## Work required
Pictures in the data below are not part of the copy; transcribe everything else exactly.

## Records for processing
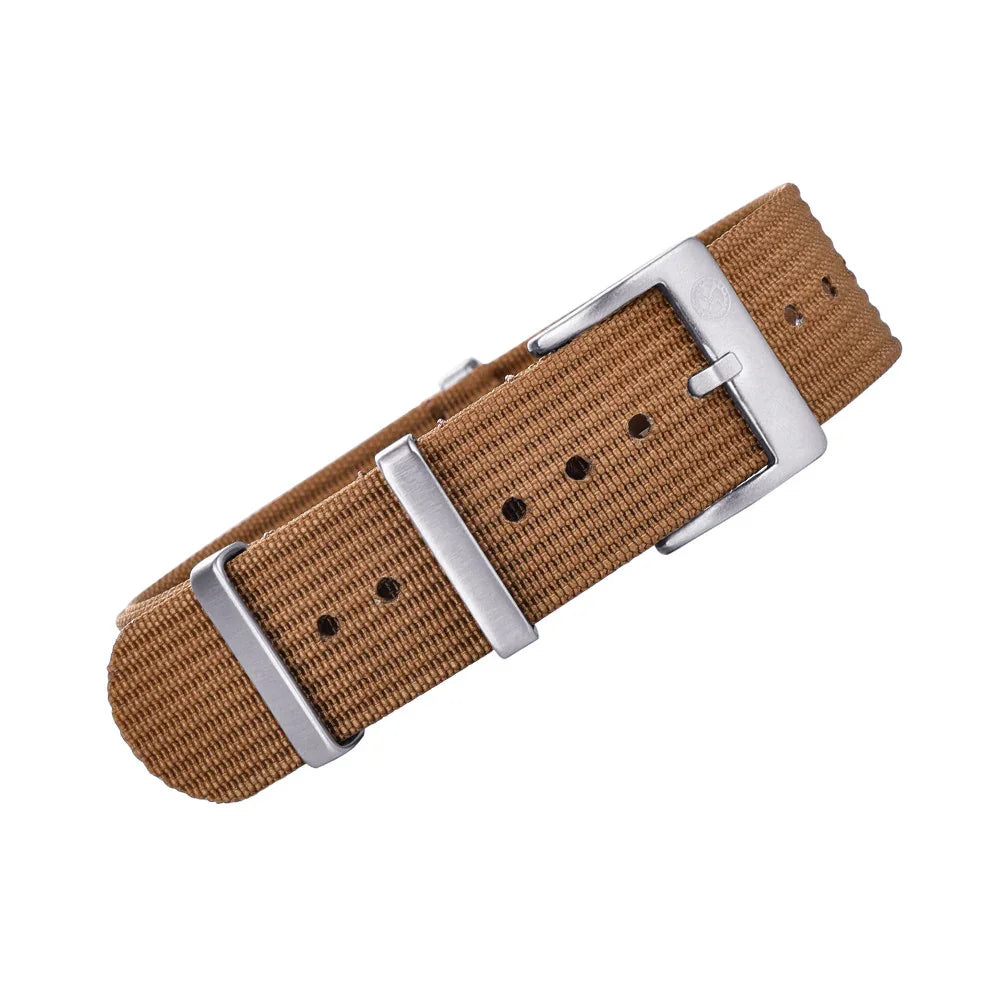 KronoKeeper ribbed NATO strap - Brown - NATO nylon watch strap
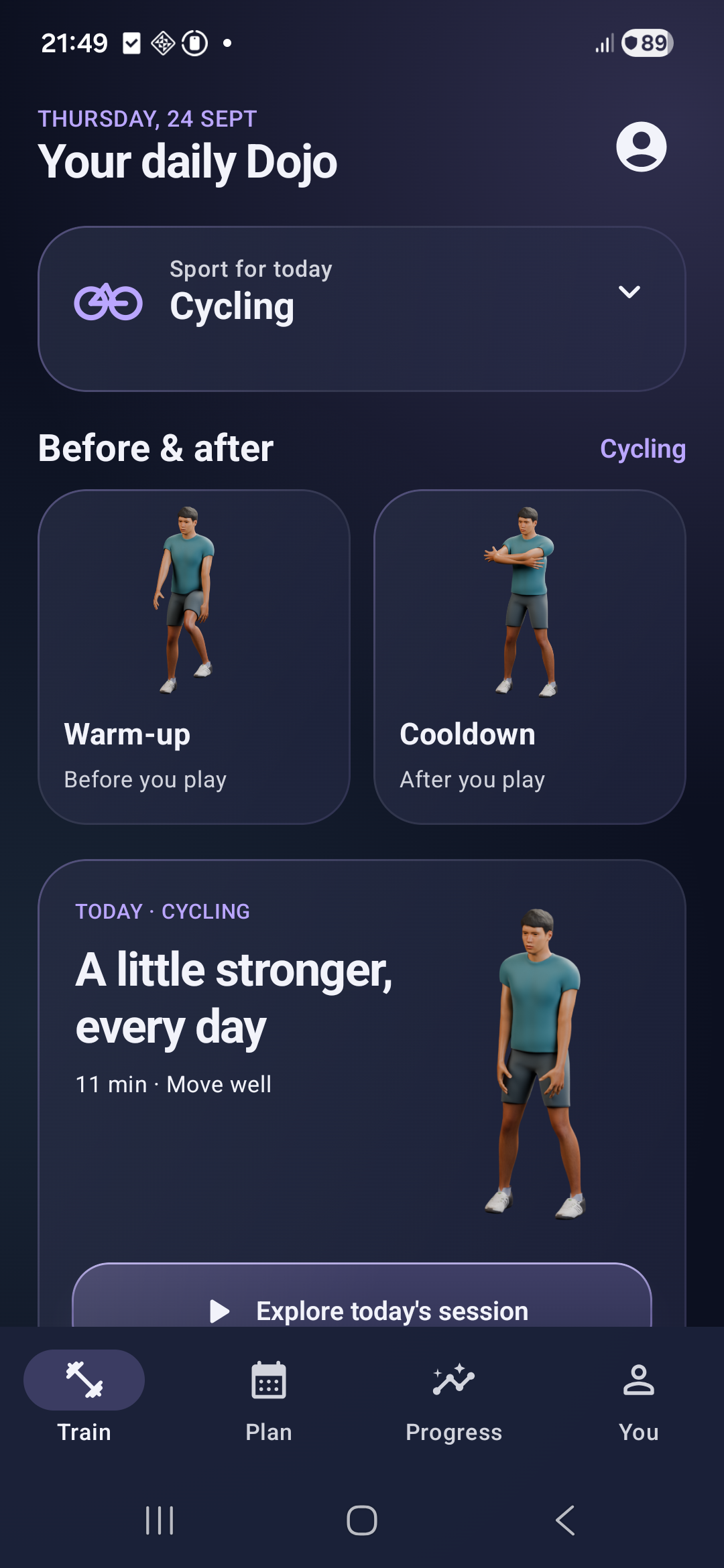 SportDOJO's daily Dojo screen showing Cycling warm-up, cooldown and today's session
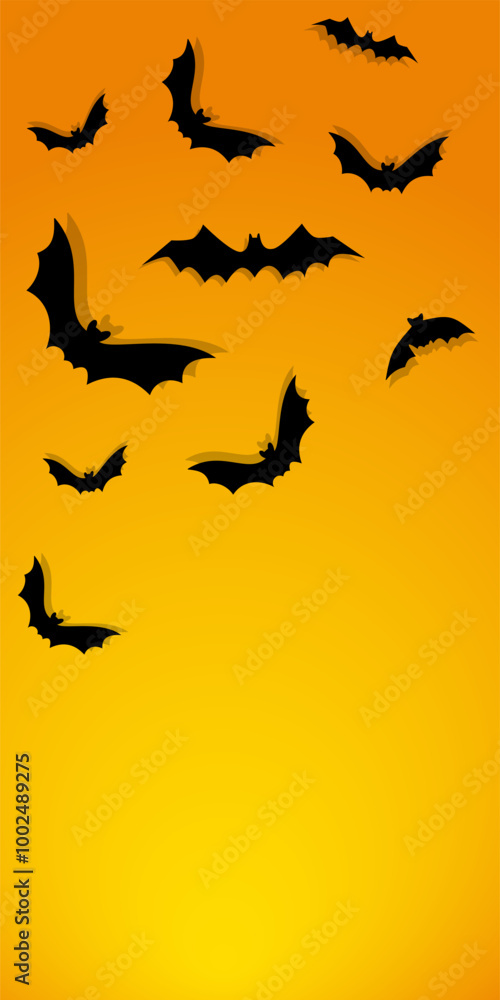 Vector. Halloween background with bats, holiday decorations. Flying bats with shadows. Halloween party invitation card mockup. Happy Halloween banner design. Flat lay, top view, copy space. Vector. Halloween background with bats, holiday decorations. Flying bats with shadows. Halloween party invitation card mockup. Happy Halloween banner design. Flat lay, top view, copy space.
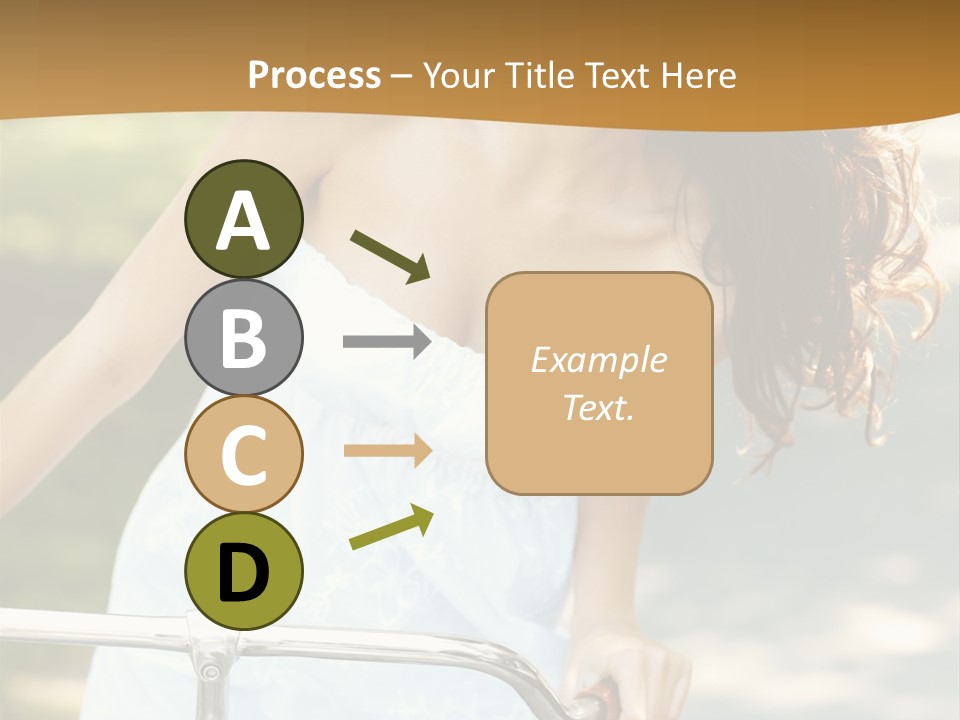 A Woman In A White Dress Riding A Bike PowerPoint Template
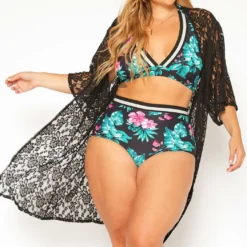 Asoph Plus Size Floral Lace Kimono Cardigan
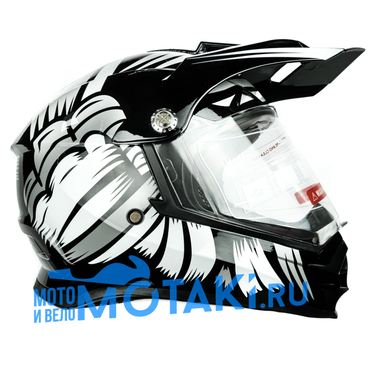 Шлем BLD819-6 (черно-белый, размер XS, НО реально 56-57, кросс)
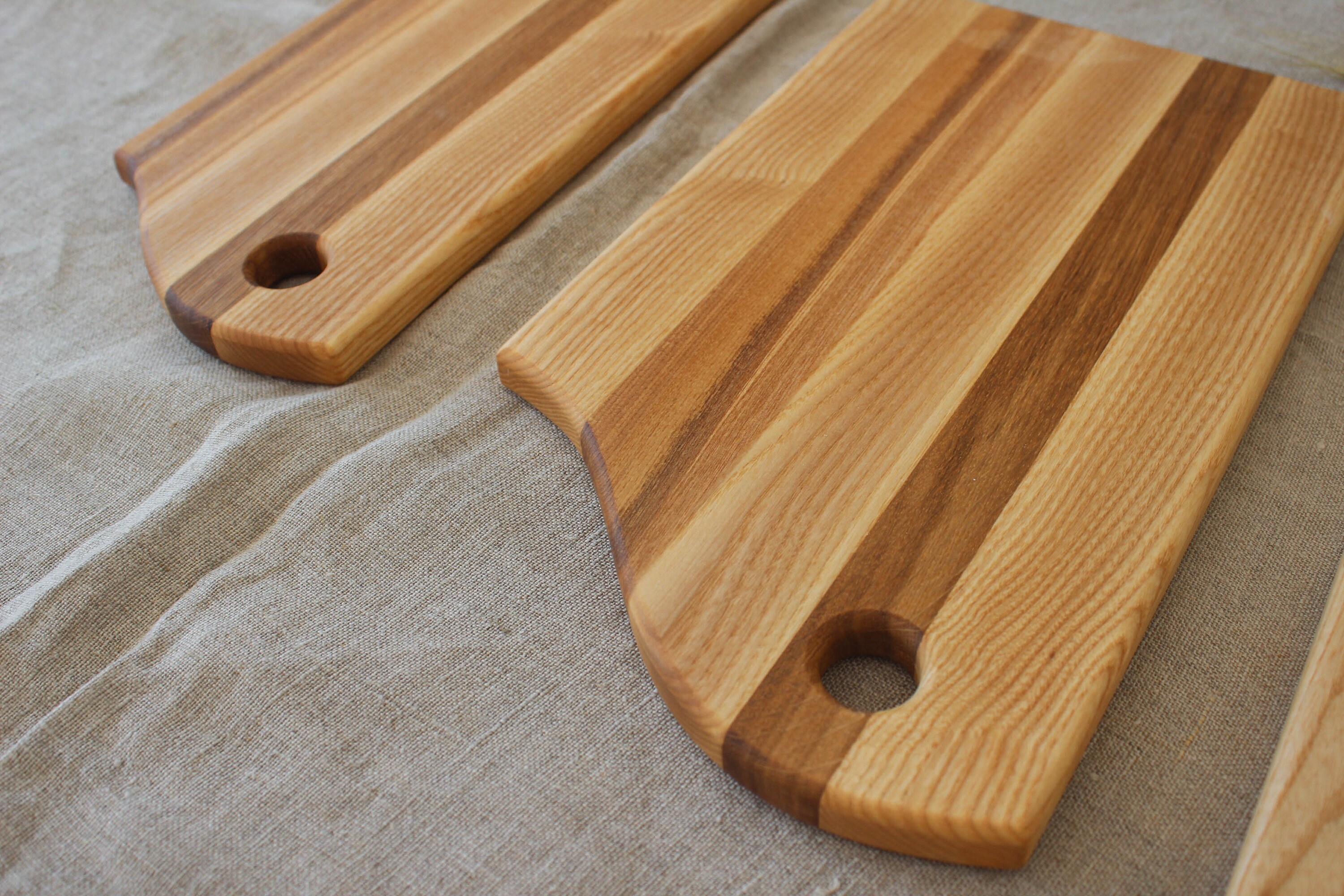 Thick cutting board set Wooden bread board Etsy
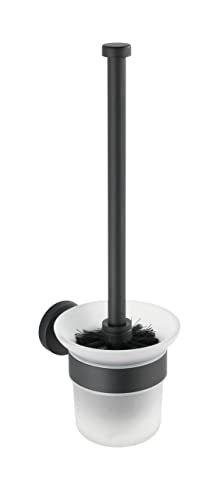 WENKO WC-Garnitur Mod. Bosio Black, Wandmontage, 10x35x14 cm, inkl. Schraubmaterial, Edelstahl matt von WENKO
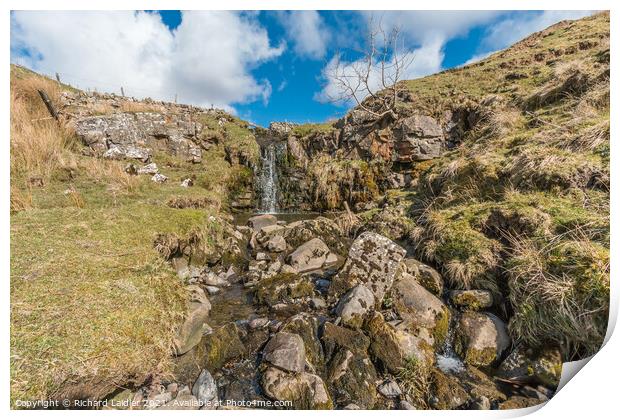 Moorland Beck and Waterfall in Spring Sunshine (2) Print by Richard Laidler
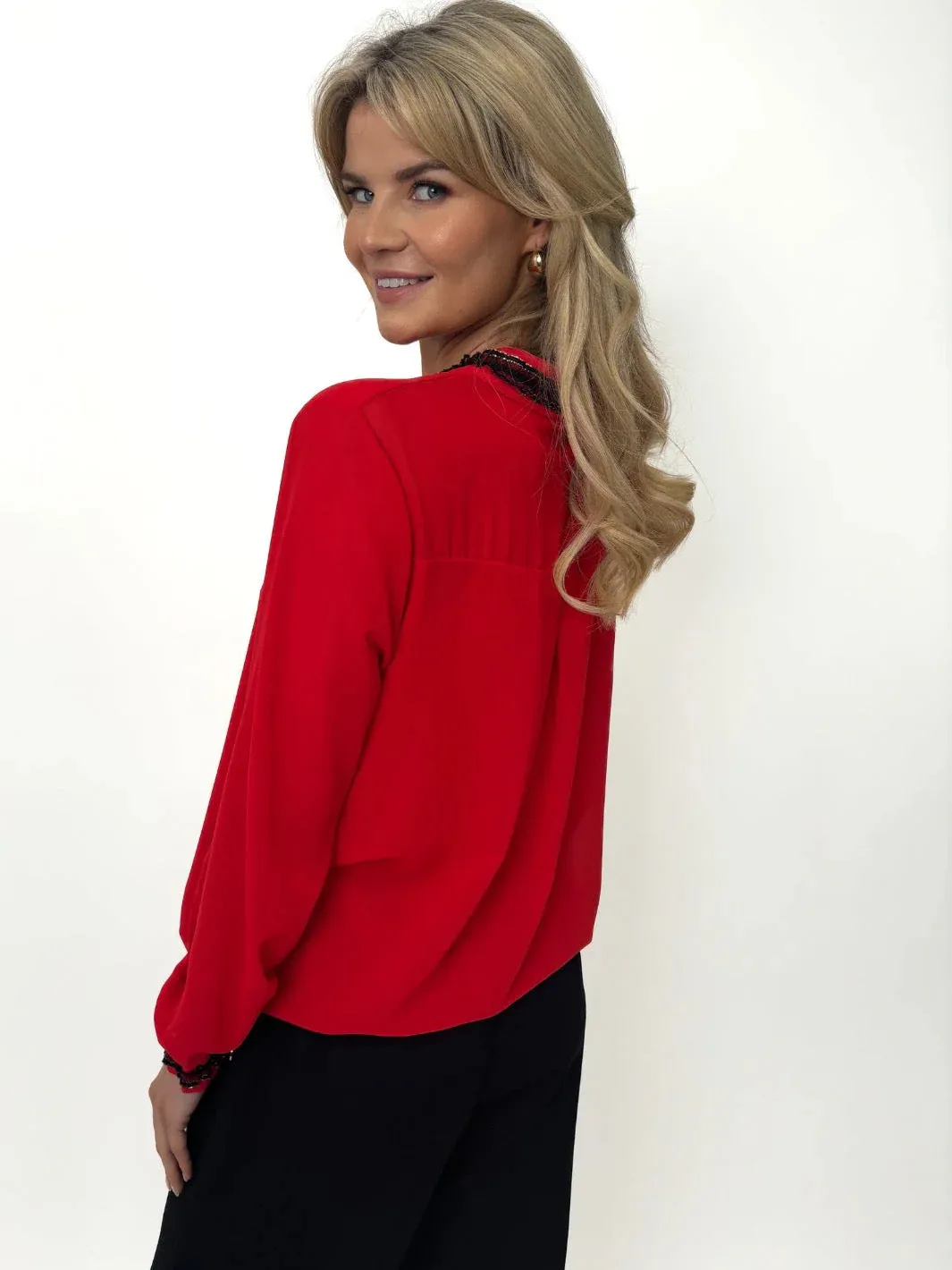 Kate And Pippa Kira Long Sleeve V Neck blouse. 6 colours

## Output for this exercise
 KronoKeeper ribbed NATO strap - Brown - NATO nylon watch strap
 SportDOJO's daily Dojo screen showing Cycling warm-up, cooldown and today's session
 Vector. Halloween background with bats, holiday decorations. Flying bats with shadows. Halloween party invitation card mockup. Happy Halloween banner design. Flat lay, top view, copy space. Vector. Halloween background with bats, holiday decorations. Flying bats with shadows. Halloween party invitation card mockup. Happy Halloween banner design. Flat lay, top view, copy space.
 A Woman In A White Dress Riding A Bike PowerPoint Template
 Asoph Plus Size Floral Lace Kimono Cardigan
 Шлем BLD819-6 (черно-белый, размер XS, НО реально 56-57, кросс)
 Thick cutting board set Wooden bread board Etsy
 WENKO WC-Garnitur Mod. Bosio Black, Wandmontage, 10x35x14 cm, inkl. Schraubmaterial, Edelstahl matt von WENKO
 Moorland Beck and Waterfall in Spring Sunshine (2) Print by Richard Laidler
 Kate And Pippa Kira Long Sleeve V Neck blouse. 6 colours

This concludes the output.